Attività

SERICS

Progetto PNRR Investimento 1.3, finanziato dall’UE – NextGenerationEU Tematica 7: Cybersecurity, nuove tecnologie e tutela dei diritti - Security and Rights in the Cyberspace – SERICS

Nell’ambito dei finanziamenti PNRR, il Partenariato Esteso SERICS (“Security and Rights in the CyberSpace”) comprende dieci Spokes articolati in diversi progetti.

 

La Fondazione Ugo Bordoni partecipa al progetto 5GSec – Security in 5G and beyond (Spoke 4 – Operating Systems and Virtualization Security) e al progetto Eraclito (Spoke 7 – Infrastructure Security).

 

Nel corso del 2025 nel progetto 5GSec, la FUB ha contribuito all’evoluzione del paradigma di 5G security assurance, passando da approcci statici e prodotto-centrici (NESAS/SCAS) a modelli dinamici e risk-based, in linea con quello della 5G Security Control Matrix, pubblicata da ENISA, l’Agenzia dell’Unione Europea per la cybersicurezza.
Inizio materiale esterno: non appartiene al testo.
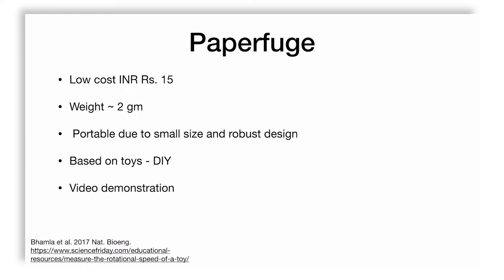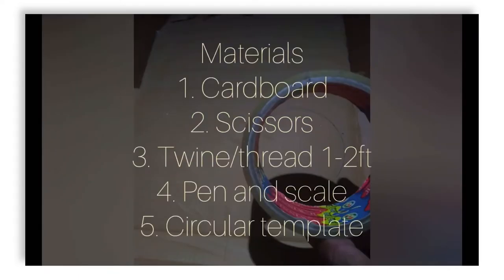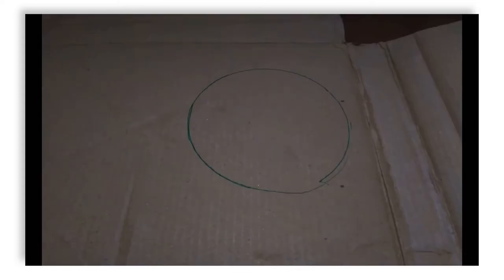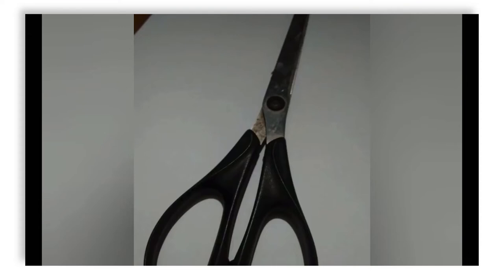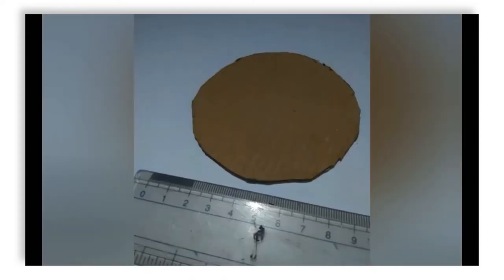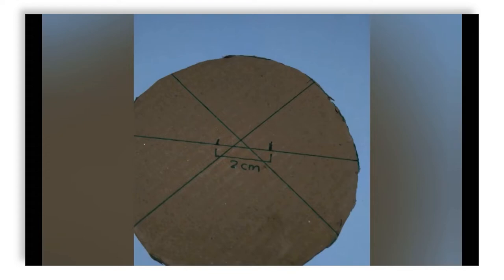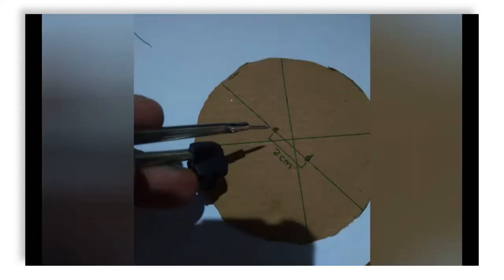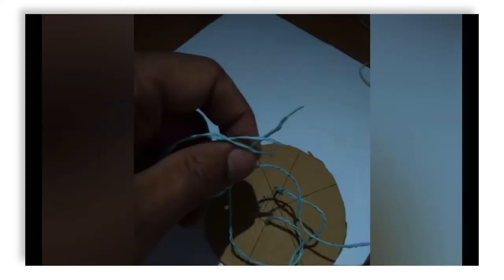They made it portable and robust, using it as a platform based on a do-it-yourself toy. In a video demonstration, I took a cardboard piece to mimic what they did — using scissors, thread, a pen, and something circular. I marked a circular pattern on the cardboard, cut it, smoothed the edges, and used a ruler to find the approximate center. I then marked two holes separated by two centimeters using a compass and inserted thread through them to create the basic toy.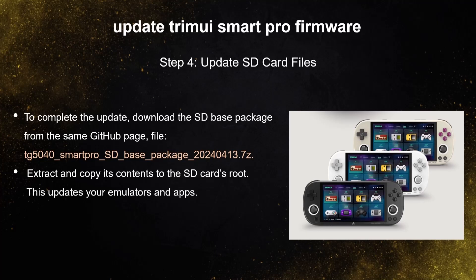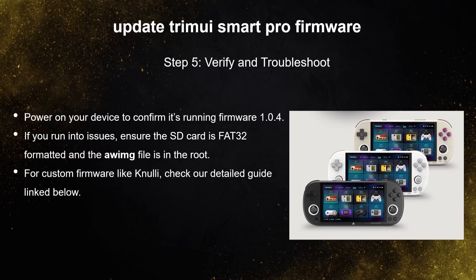Power on your device to confirm it's running firmware 1.0.4. If you're running into issues, ensure the SD card is FAT32 formatted and the AWIMG file is in the root.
In particolare, la FUB ha tradotto le specifiche testuali dei test di sicurezza definiti dal 3GPP (Security Assurance Specification – SCAS) in test case eseguibili su piattaforme open source per la rete Core 5G, rendendone possibile la sperimentazione in scenari rappresentativi e realistici di validazione. Tale attività ha permesso di evidenziare il valore dei test SCAS come riferimento essenziale per la verifica della sicurezza dei prodotti 5G, ma anche di identificarne alcune limitazioni, in particolare riguardo alla valutazione delle interazioni e delle dipendenze di sicurezza tra diverse funzioni di rete.

 

In questa prospettiva è stato investigato un approccio multilivello alla 5G security assurance, orientato alla valutazione sistemica della sicurezza complessiva, basato sulla ENISA 5G security Control Matrix, in cui i test 3GPP SCAS possono rappresentare una parte delle evidenze dei controlli della matrice di ENISA. Parallelamente, nel progetto Eraclito, la FUB ha sviluppato una base ontologica semantica per la modellazione delle architetture 5G, integrando anche aspetti tecnici con concetti giuridici ed etici (danno responsabilità e tutela dei diritti fondamentali), in un approccio multidisciplinare con i partner di progetto.

 

Sono stati inoltre creati strumenti e pipeline automatizzate per l’identificazione delle vulnerabilità (CVE) nel dominio 5G, con la costruzione di un dataset annotato e validato da esperti e basato su Large Language Models (LLM).

 

Le attività scientifiche dei due progetti si concluderanno nel 2025, come previsto dal cronoprogramma SERICS.

 

L’estensione del finanziamento al 28 febbraio 2026 consentirà di completare la disseminazione dei risultati, con le pubblicazioni scientifiche e la partecipazione alla conferenza ITASEC & SERICS 2026, che si svolgerà a Cagliari dal 9 al 13 febbraio 2026.